According to director Christopher McQuarrie, it would have been a risky business to reduce Tom Cruise’s age for the latest ‘Mission: Impossible’ film.
Despite a Cruise impersonator appearing in a series of viral TikTok deepfakes with Paris Hilton, McQuarrie felt a flashback sequence in “Mission: Impossible – Dead Reckoning Part One” was too distracting for viewers.
“Originally, there was a whole sequence at the beginning of the film that was going to take place in 1989,” McQuarrie said. Total film. “We talked about it as a cold opening, we talked about it as flashbacks in the movie, we looked at aging.”
He continued, “One of the big things about (deaging) that I was looking at while researching, I kept saying, ‘Boy, this deaging is really good’ or ‘This deaging is not that good.’ I never found myself really following the story.
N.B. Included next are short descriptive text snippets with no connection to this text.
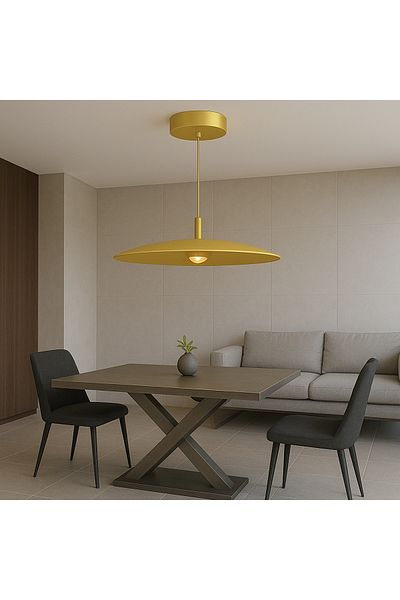 FORLI 12W Gold Pendant Chandelier - 3000K - Diffusion Angle: 80° - Voltage: 220–240V - CRI 90+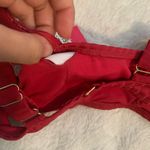 Xhilaration Burgundy ribbed bikini top Photo 6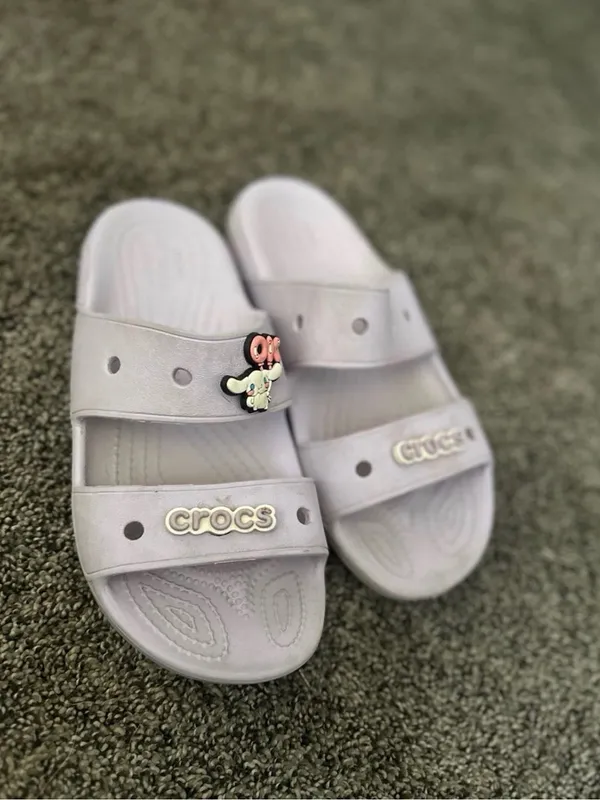 CROCS Women's Light Purple Slide Sandals Size 6 0260 - Image 4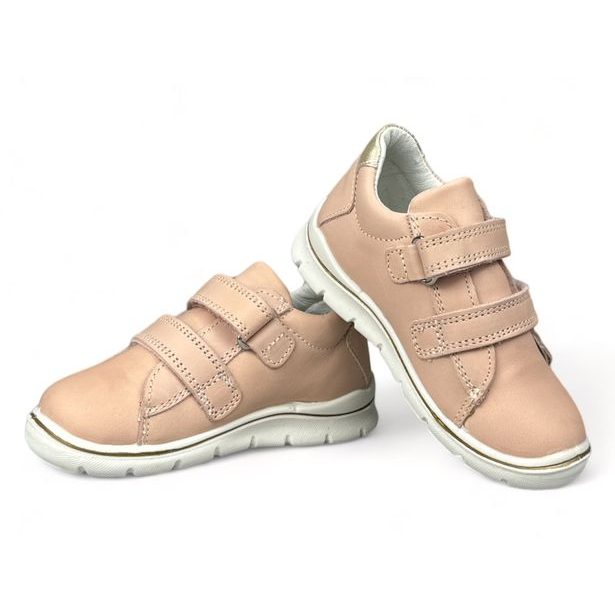 Dívčí celokožená růžová obuv IMAC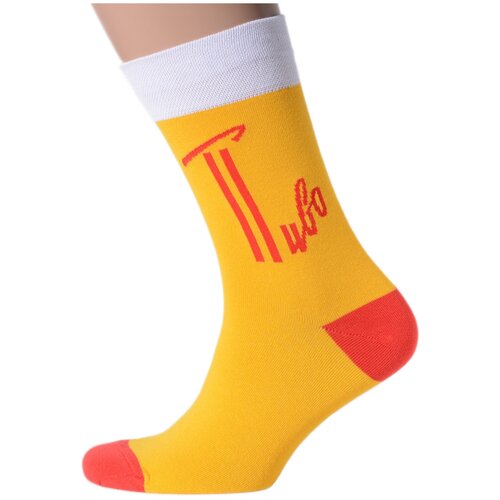 фото Мужские носки moscowsocksclub №м11 желтые, размер 27 (41-43)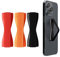 kwmobile Smartphone Fingerhalter 3 Set - Handy Halter Griff Halterung Einhandbedienung - 3X Handyhalter in Schwarz Orange Rot
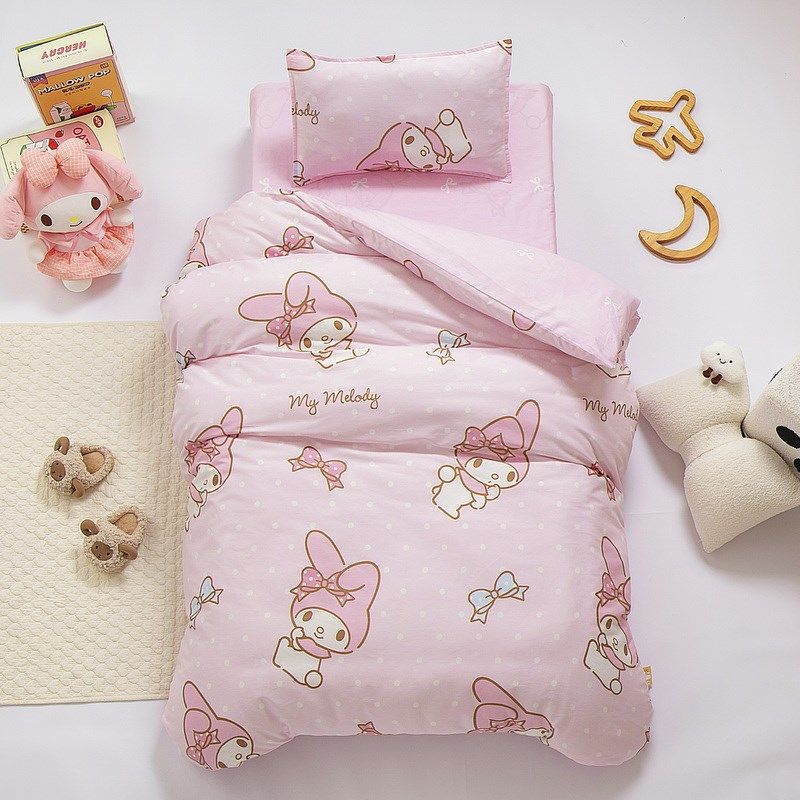 库洛米幼儿园被子三件套全棉被褥六件套宝宝午睡婴入园儿童床品,淘宝优惠券,粉丝福利购,淘宝优惠卷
I was so distracted by how an actor I’ve known for so long was now suddenly this young person.
However, McQuarrie teases that the production of ‘Dead Reckoning Part One’ has perfected the aging process and may incorporate it into the ‘Part Two’ sequel.
“In researching that (technology), I’ve cracked the code – I think – on how to best approach it. By then, we had kind of gotten away from it,” she said. “We may still play with it. Never say never”.
Lead star Cruise recently said that he hopes to continue making ‘Mission: Impossible’ films into his 80s, similar to how Harrison Ford continued the ‘Indiana Jones’ franchise into his 81st year. concluding with “Indiana Jones and the Dial of Destiny”. ”
“Harrison Ford is a legend; I hope I’m still going, ”Cruise said. “I have 20 years to catch up with him.
Ford’s latest (and presumably final) turn as Indy included a flashback sequence featuring cutting-edge anti-aging technology. “Dial of Destiny” director James Mangold told IndieWire that the flashback served as an “energetic homage” to the franchise as a whole.
“I thought there would be a way to take the audience through today’s Harrison era by greeting him first with an energetic homage to the previous films,” said Mangold. “You compare the audience to a young Indy in full bloom and full action, and then you take a sharp turn. She takes it all away and lets the audience address the difference between now and then in a brazen way. This was the cut I was most excited about for the film.